The subject reports that during their tenure at the junior high school, they were subjected to bullying by their classmates. They claim to have been unable to respond effectively, resorting to passive acceptance and even attributing responsibility to themselves. This is attributed to a deep-seated belief that they lack the capacity to protect themselves. Consequently, they are reluctant to confront bullying, lacking the confidence to believe that they can defend themselves effectively.
Furthermore, you will disapprove of your own fear of resistance and may experience feelings of weakness. In order to accept this avoidance, you will attribute blame to yourself, believing that you are being bullied because of your own shortcomings.
This explanation allows for the acceptance of one's own avoidance mode.
The process of adjustment and change
The formation of coping mechanisms is a gradual process, and therefore, it is not a simple task to alter them. However, your current level of self-awareness is highly valuable, as it marks the initial stage of change.
Firstly, it is imperative to learn to affirm oneself. One must understand that they are not inherently incapable of standing up to those who bully them; rather, they simply lack the belief in their own ability to do so.
Firstly, it is imperative to learn to affirm oneself. One is not inherently incapable of standing up to those who bully; one simply lacks the conviction that one possesses the requisite ability.
In the context of bullying, it is notable that you have articulated a clear sense of internal boundaries, namely that the other person was not your direct supervisor. This awareness enables you to effectively argue your case when faced with infringement, as you are aware of the rationale behind the action.
One can begin with a relatively straightforward task. When one experiences anger but is reluctant to express it, it is helpful to inquire of oneself what one is truly afraid of.

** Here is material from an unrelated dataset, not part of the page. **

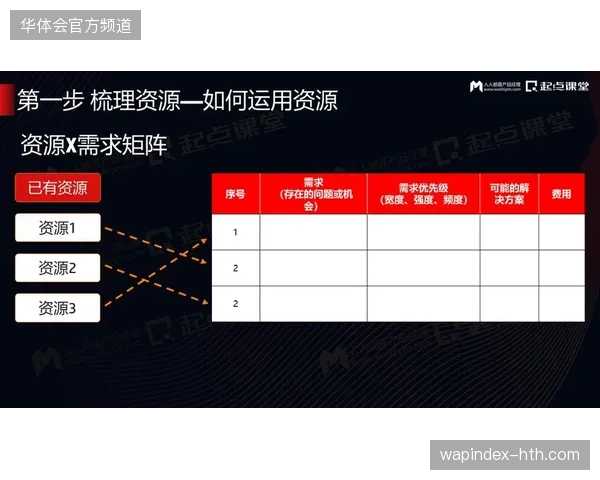 三年后赛事服务市场或由单一执行向数字信用驱动的精细化运营倾斜 三年后赛事服务市场或由单一执行向数字信用驱动的精细化运营倾斜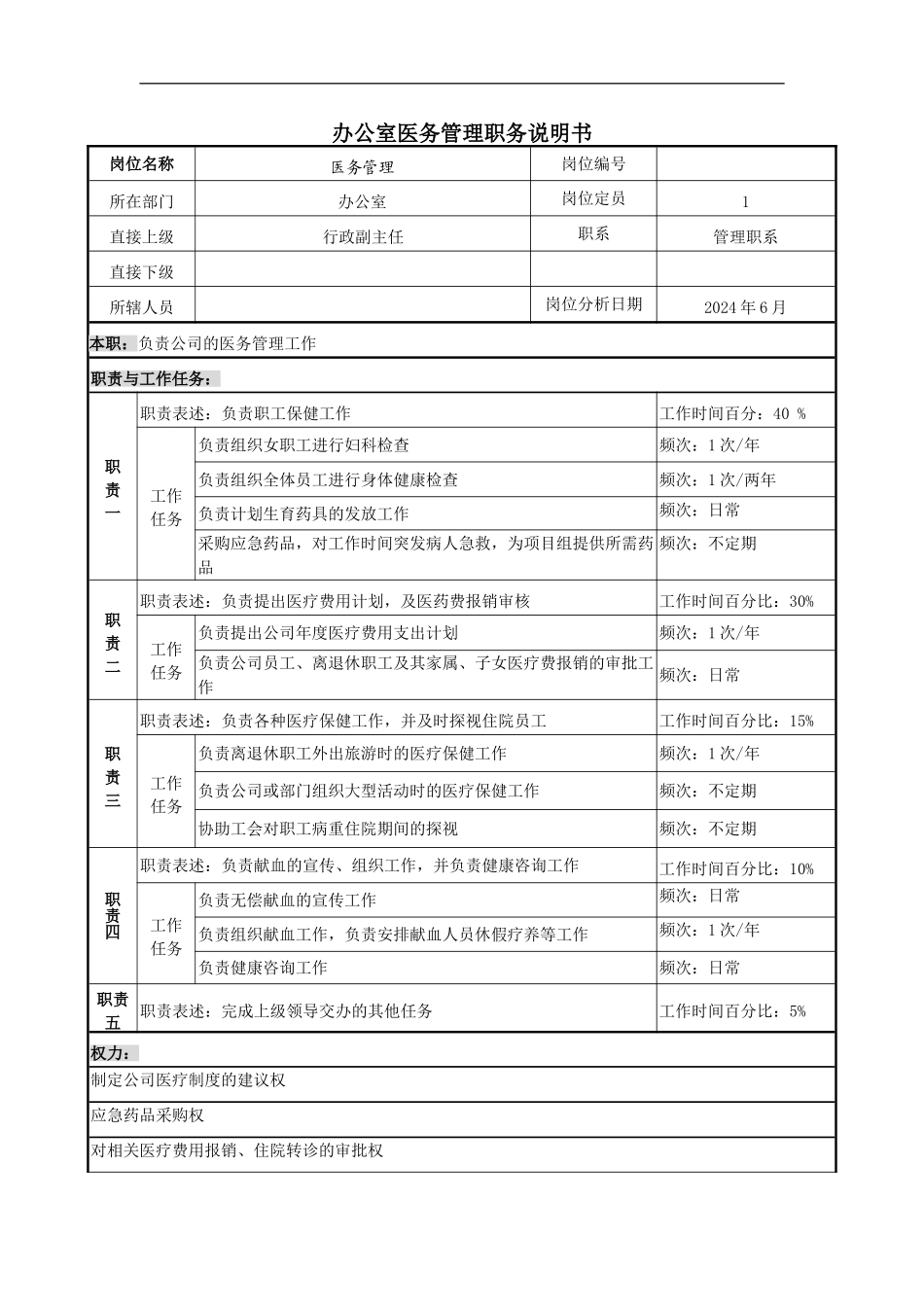 办公室医务管理职务说明书_第2页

The notion that one's actions may result in the unhappiness of others is a common source of stress.
One might inquire, however, whether there is an obligation to sacrifice one's own feelings in order to make others happy. Furthermore, one might ask what the consequences would be if they were truly unhappy.
Select the simplest action you have previously avoided and attempt to perform it deliberately. Should you discover that no adverse consequences ensue, then attempt it again.

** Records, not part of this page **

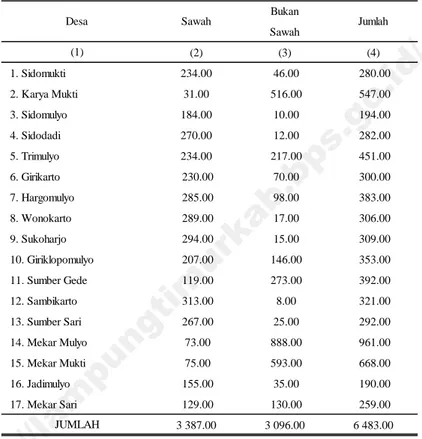 Tabel 4.1.1 Luas Lahan Sawah dan Bukan Sawah Menurut Desa Di Kecamatan Sekampung, 2013 Bukan Sawah (2) (3) (4) 1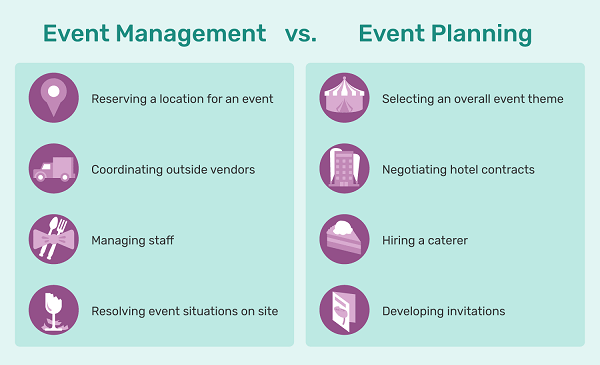 Sự khác nhau giữa quản trị sự kiện và tổ chức sự kiệ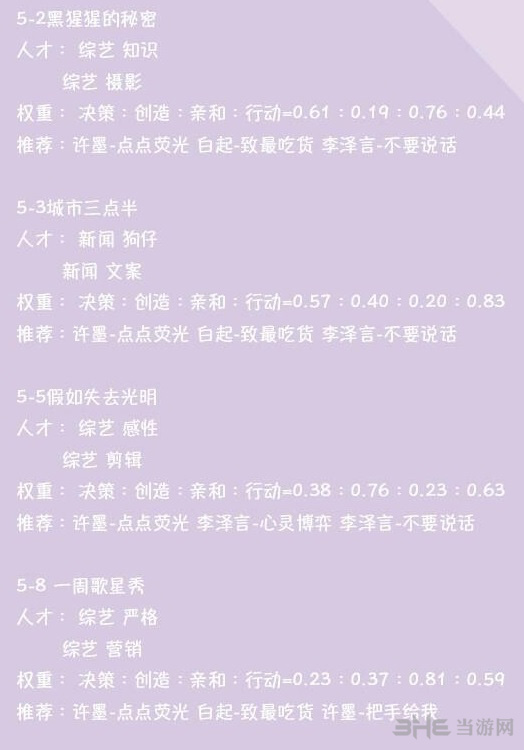 恋与制作人第五章图片1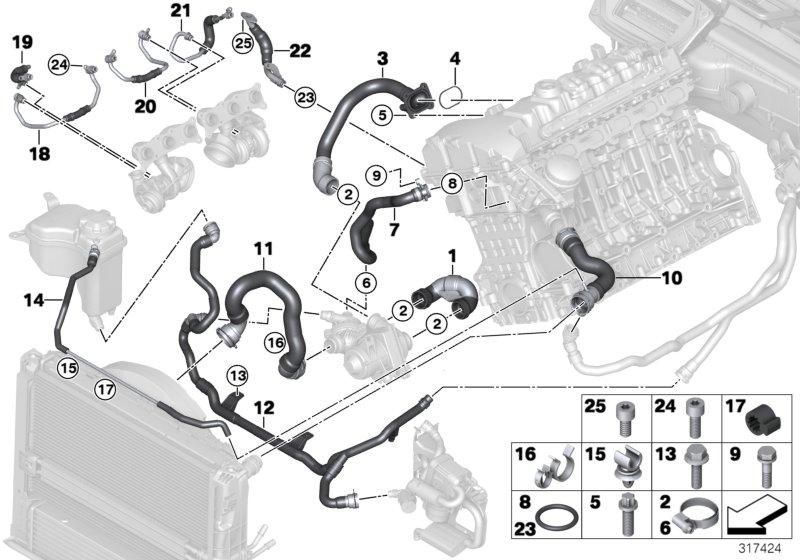 Cooling system coolant hoses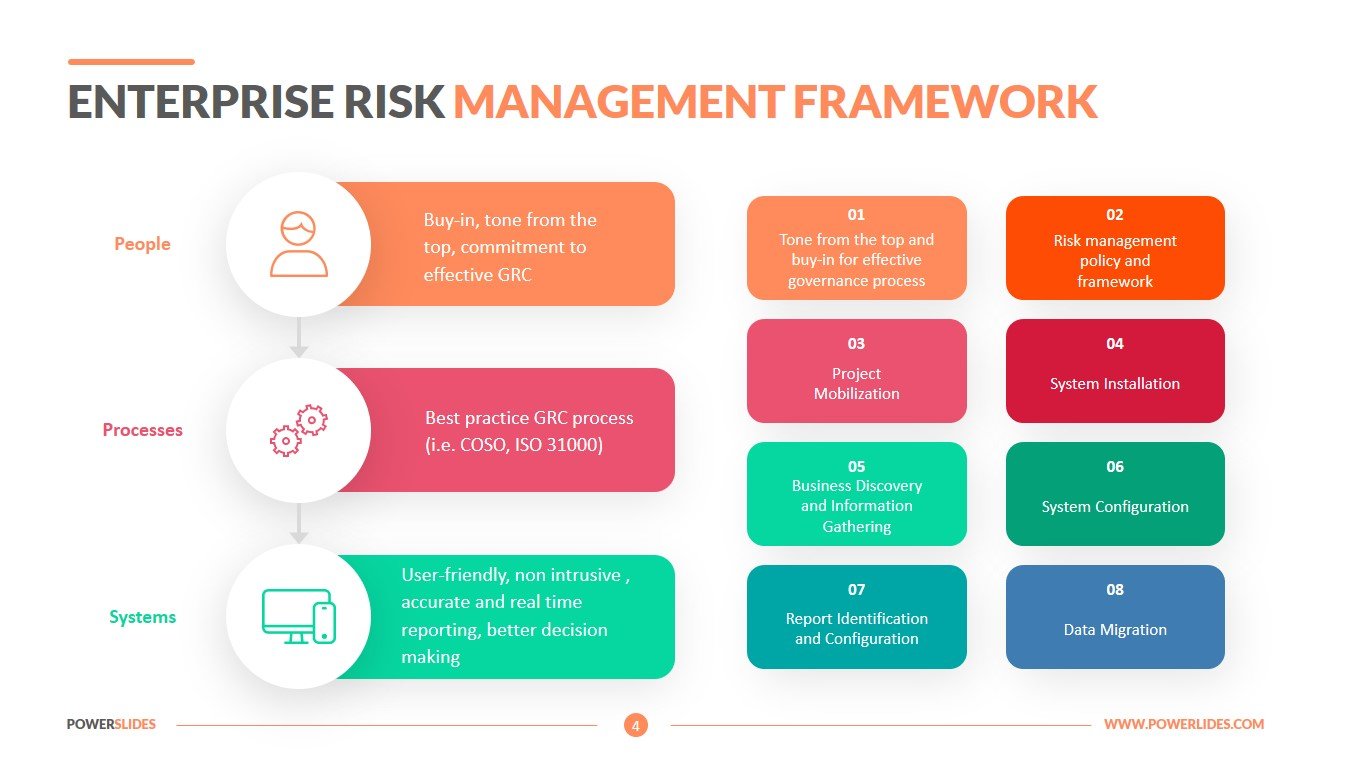 Enterprise Risk Management Framework  Download Now Regarding Enterprise Risk Management Report Template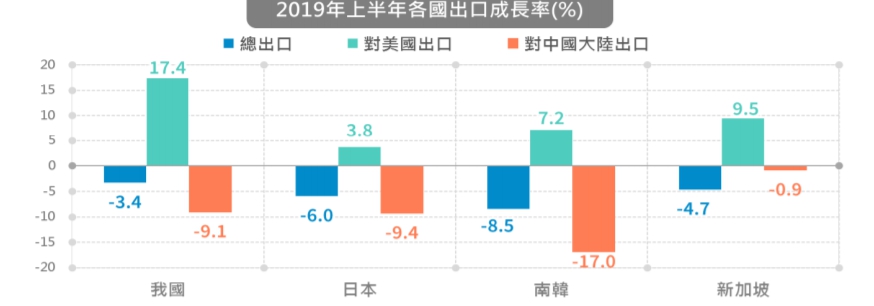 受美中貿易影響，全球經濟成長放緩，台灣年減3.4%，和亞洲其他國家相比，台灣減幅仍較小。 圖：翻攝經濟部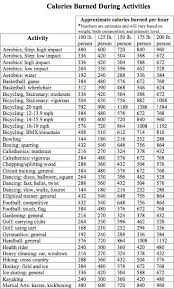 Calories Burned Per Activity And Per Weight Fitness Diet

It is also recommended to seek assistance. One may choose to discuss these repressed thoughts with a trusted family member or friend, or with a professional counselor or psychotherapist. The input of others can facilitate greater self-awareness and facilitate more rapid growth.
My name is Teng Ying, and I am a psychological counselor at YI. I hope this information is helpful to you.


Comments
I can totally relate to feeling stuck in a pattern of reacting the way we've always reacted. It's hard to break out of that, but maybe starting with small steps, like practicing assertiveness in lowstakes situations, could help build up confidence.
It sounds really tough to have those feelings carry over from childhood into adulthood. Sometimes talking to someone who has a bit more distance from the situation, like a counselor, can offer new perspectives and tools for handling these emotions.
I think it's important to acknowledge that what happened wasn't your fault. Recognizing this might be a first step. Building selfcompassion and understanding that everyone has their own battles can also help in not taking things personally.
Buying snacks was a kind gesture, yet it seems like you felt it was more about seeking approval. Maybe next time, you could do something nice without expecting anything in return, just for the sake of kindness, which might feel more empowering.
It's understandable to feel afraid after being reprimanded, especially by someone in a position of authority. Perhaps setting boundaries and learning to say no when appropriate could be a way to regain some control over your interactions.